Vaccinations of the piglet start at 4 ? 6 weeks of age.  We advise Atrophic Rhinitis, Erysipelas, PEDV and other diseases that have been a problem in the area.  Actinobacillus, Circovirus, Histophilus (Haemophilus), E. coli, TGE, Rotovirus, Leptospirosis, Parvovirus, Pasteurella, PRRS, Mycoplasma, Salmonella, Pseudorabies, and the Clostridial diseases may also be indicated.  These vaccines need to be boostered in a month.  We recommend that Atrophic Rhinitis, Erysipelas, porcine epidemic diarrhea virus (PEDV, corona) and Leptospirosis be given to the sow or gilt one month before breeding.  Parvovirus and pseudorabies also should be added, if it is a problem in the area.  A couple of weeks before farrowing, the mother needs to be boostered for TGE, E. coli, Clostridium perfringens, and other diseases that may be required.  Read the label to be sure that the vaccine can be given to pregnant pigs.  Never vaccinate pigs in the heat of the day, the additional stress can be a problem.  It needs to be noted, that each herd can have individual vaccination requirements.  There are a group of viruses that can cause abortion; these are called the SMEDI group, and this problem can be seen with a new, pregnant sow arriving into a different group of pigs before farrowing.

There are many ways to grade yourself on how well your pigs are being raised.  The number of days to reach a 220# market weight should be 205 ? 208 days.  The A.D.G., or average daily gain, should be 1.5+ pounds of gain per day.  The amount of feed converted to pig, or feed efficiency should average 3.5 pounds of feed for 1 pound of gain.  The number of piglets weaned should be 8 per sow.  The sow should average 2 litters per year.  (The average in the 1980’s was 15 pigs/sow/year.  Strive for 23 pigs/sow/year weaned.)

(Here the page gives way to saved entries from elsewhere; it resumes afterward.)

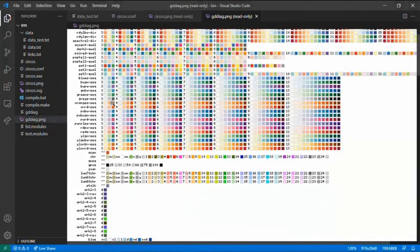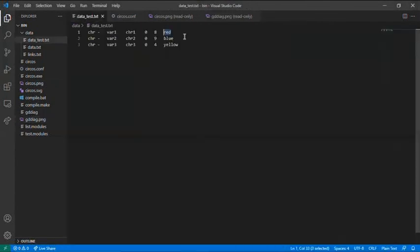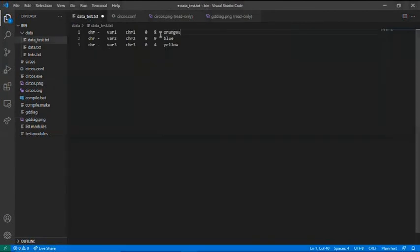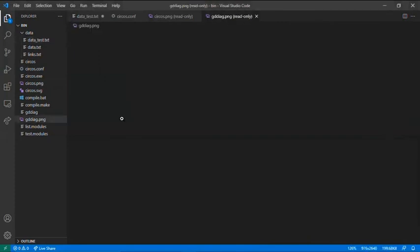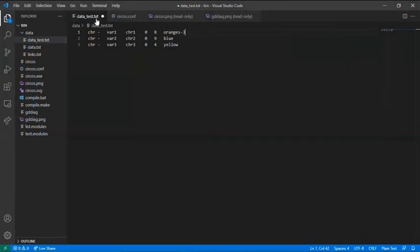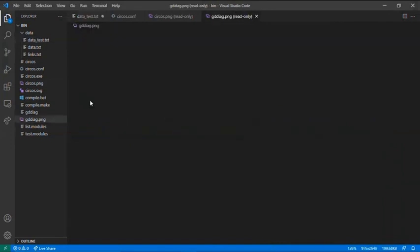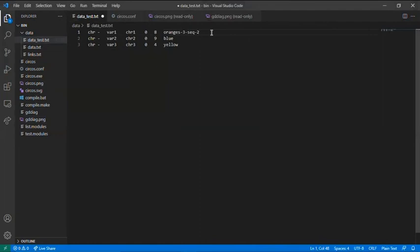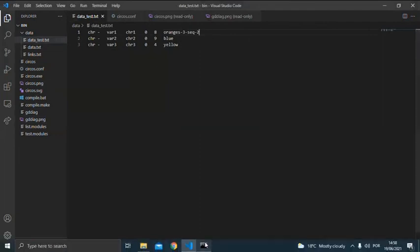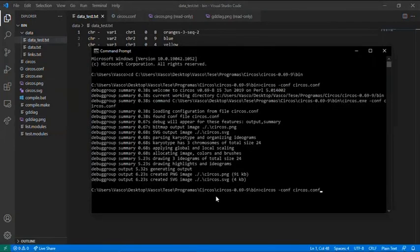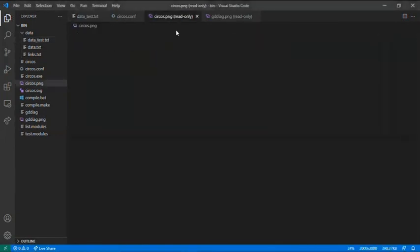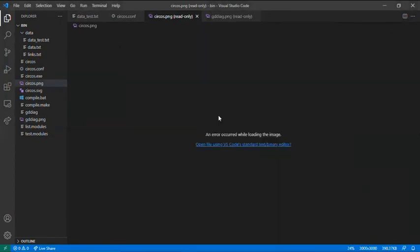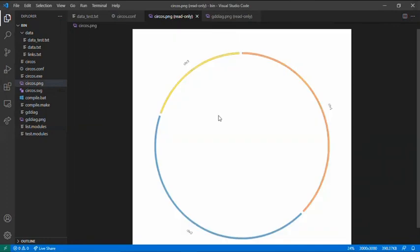How do I choose this color? You come here. Oranges. Three, the number of the gradient. Seq, and the number of the position. I will write two. Save the file. Run again. And this is the final image you get.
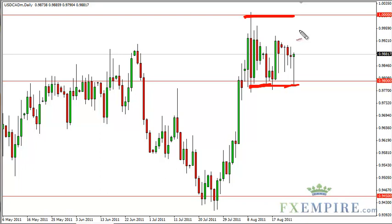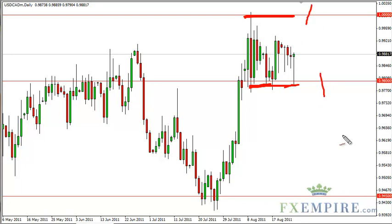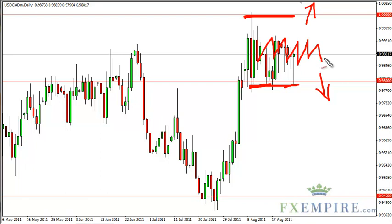If QE3 is not announced and it looks like there is no hope of it, then the dollar very well may rally against the Canadian dollar. Either way, we are looking for a close above parity or a close below 98 in order to pick a direction in this pair. In the meantime we think we are just going to bounce around in this 200 pip range.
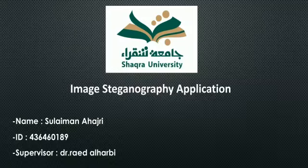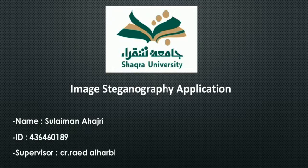Assalamu alaikum warahmatullahi wabarakatuh. My name is Suleiman Hajri and my supervisor is Dr. Raid Al-Harbi. My project is Image Steganography Application.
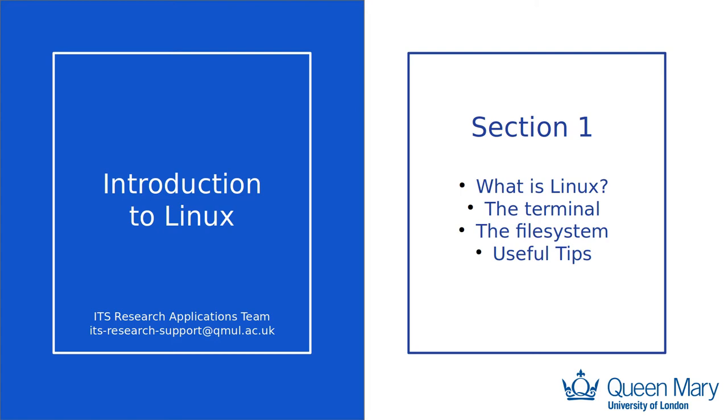Welcome to this introductory session on how to use Linux. In this video, you will learn a selection of commands that will be useful for your work. This session is presented by the Research Applications team at Queen Mary University of London.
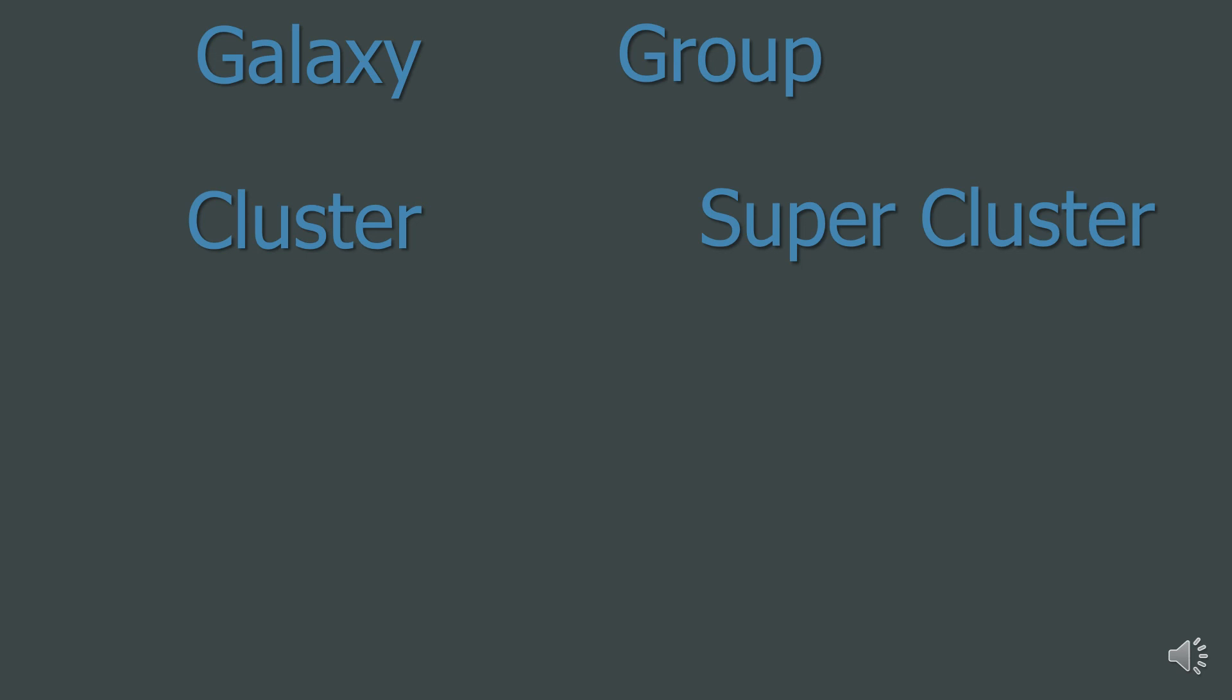For GCSE Astronomy, you have to understand that galaxies are grouped in larger clusters and superclusters. That is the end of Astronomy to GCSE 4.2 Galaxies. Thank you very much for listening. See you next time.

Treatments for external parasites and internal parasites are also variable, depending on the type of housing and problems previously encountered.  Usually the sow is treated before breeding and 2 weeks before farrowing with products that are labeled for pregnant pigs.  Expect to treat the growing pigs twice or more for internal parasites; especially if they are on a dirt floor.  We advise a fecal (stool) sample from some of the growing pigs to ensure that the product you are about to use will “deworm the pig” (and whether the pig even needs to be dewormed).  Most worming medicines do not deworm the pig for coccidiosis and other parasites that area found on a fecal exam.  Human food scraps containing meat should never be fed to a pig, as this is a way for the Trichinella parasite cysticercosis tapeworm (Taenia) can be obtained.  This tapeworm is a serious zoonotic disease which can then affect humans.

For transportation into a different state, a health certificate and a test for pseudorabies, Brucellosis and other diseases is usually required; especially if the swine are to be used for breeding.  Vaccination for Pseudorabies will interfere with the test.  If you purchase a pig keep the bill of sale in your pig health record file; if this pig is later sold and/or you plan to slaughter it you will need such documentation in Colorado.  A health certificate is required for travel across state lines in all livestock, although a brand inspection for pigs is not required.  Pig notches and tattoos have not been recognized as official identification since 2013.  Premise identification tags (PIN) are required by commercial slaughter facilities.  We advise that you obtain the USDA plastic ear tags from a certified source, and use these as your farm tags for animals you intend to keep and breed and/or if you sell pigs interstate.  The state veterinarian’s website lists sources for these tags that you can purchase locally or directly from another source.  For the official tags search for the state veterinarian’s office and click onto the Colorado.gov/cs site then go to traceability and then animal ID tags.  If we do official testing metal ear tags need to be placed into the ear if there are no official plastic tags.